GAO Report: Conflict Minerals Law Hasn't Worked as Intended
The Government Accountability Office, in a report required by the Dodd-Frank Act to assess the effectiveness of tracing regimes for conflict minerals, found the law hasn't reduced violence in the Congo, and may have increased violence around some small gold mines.
The report said the requirement that companies disclose where they source tantalum, tin, tungsten and gold seems to have led to fewer workers in the tantalum, tin and tungsten mines of Eastern Congo, and that, paradoxically, may have driven violence. GAO wrote that a 2023 academic study suggested "that the ability of armed groups to perpetrate violence may have increased because the labor market shock caused by changes taken in reaction to the act reduced miners’ options for earning income from mining and thus increased their incentive to join armed groups."
Even though the effects of U.S. and European reporting regimes on conflict minerals led to more industrialized tantalum, tin and tungsten mining -- professionally managed mines are better protected from militias or gangs -- the report said fraud continues in all efforts to cut conflict minerals out of Western supply chains.
"The UN Group of Experts has reported evidence of smugglers’ fraudulently using documentation issued by traceability schemes to launder illicit material into the official supply," the report said, and added that in December, that same group said due diligence in tantalum, tin and tungsten in part of North Kivu Province collapsed.
Global Witness, a nongovernmental organization, issued a report in April 2022 that said tantalum, tin and tungsten from mines occupied by armed groups were "tagged as coming from validated mines in North Kivu and South Kivu Provinces."

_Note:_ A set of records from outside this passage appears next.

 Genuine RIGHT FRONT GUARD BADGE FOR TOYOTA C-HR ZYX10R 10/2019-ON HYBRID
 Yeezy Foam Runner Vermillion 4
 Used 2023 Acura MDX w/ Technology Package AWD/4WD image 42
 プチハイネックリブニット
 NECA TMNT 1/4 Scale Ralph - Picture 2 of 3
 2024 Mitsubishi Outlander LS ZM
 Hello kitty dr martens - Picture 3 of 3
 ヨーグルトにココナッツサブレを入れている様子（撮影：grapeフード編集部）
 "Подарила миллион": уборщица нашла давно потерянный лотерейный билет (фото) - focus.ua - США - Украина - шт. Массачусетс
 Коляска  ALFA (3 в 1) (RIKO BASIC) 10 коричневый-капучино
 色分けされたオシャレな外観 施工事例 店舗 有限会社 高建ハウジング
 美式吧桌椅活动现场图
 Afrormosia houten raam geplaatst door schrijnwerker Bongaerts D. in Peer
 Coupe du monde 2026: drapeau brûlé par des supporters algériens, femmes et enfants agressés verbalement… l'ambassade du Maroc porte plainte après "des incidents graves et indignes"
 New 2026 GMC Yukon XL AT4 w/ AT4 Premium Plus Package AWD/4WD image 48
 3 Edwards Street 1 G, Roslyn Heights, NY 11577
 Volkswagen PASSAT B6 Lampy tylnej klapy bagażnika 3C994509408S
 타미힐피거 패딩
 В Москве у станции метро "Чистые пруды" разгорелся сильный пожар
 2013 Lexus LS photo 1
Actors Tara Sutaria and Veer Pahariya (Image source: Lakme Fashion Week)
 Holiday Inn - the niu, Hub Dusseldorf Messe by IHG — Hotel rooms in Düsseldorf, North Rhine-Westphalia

GAO wrote that gold is more difficult to trace because it's not mixed with rocks that can be tested to show their origin, and is generally smuggled out of the Congo before being sold to buyers outside Africa.
The report said that companies are attempting to understand their mineral supply chains, either through questionnaires sent to suppliers, coordination and documentation from smelters, or audits of smelters and refiners. When GAO analyzed the Securities and Exchange Commission disclosures under Dodd-Frank for a representative sample of 100 firms from the 1,017 companies that made such filings last year, it found 33% couldn't determine if the minerals came from the countries covered by the law; 47% said they may have bought from those countries. None certified that the minerals they purchase are conflict-free.
Generally, multinational firms don't go back to the mine to see the conditions. "Experts we interviewed explained that validating mine sites as free of conflict or of interference from armed groups is time consuming and expensive. Many mines are located in remote, potentially insecure areas, and coordinating teams to visit and inspect them is difficult, according to experts," the report said.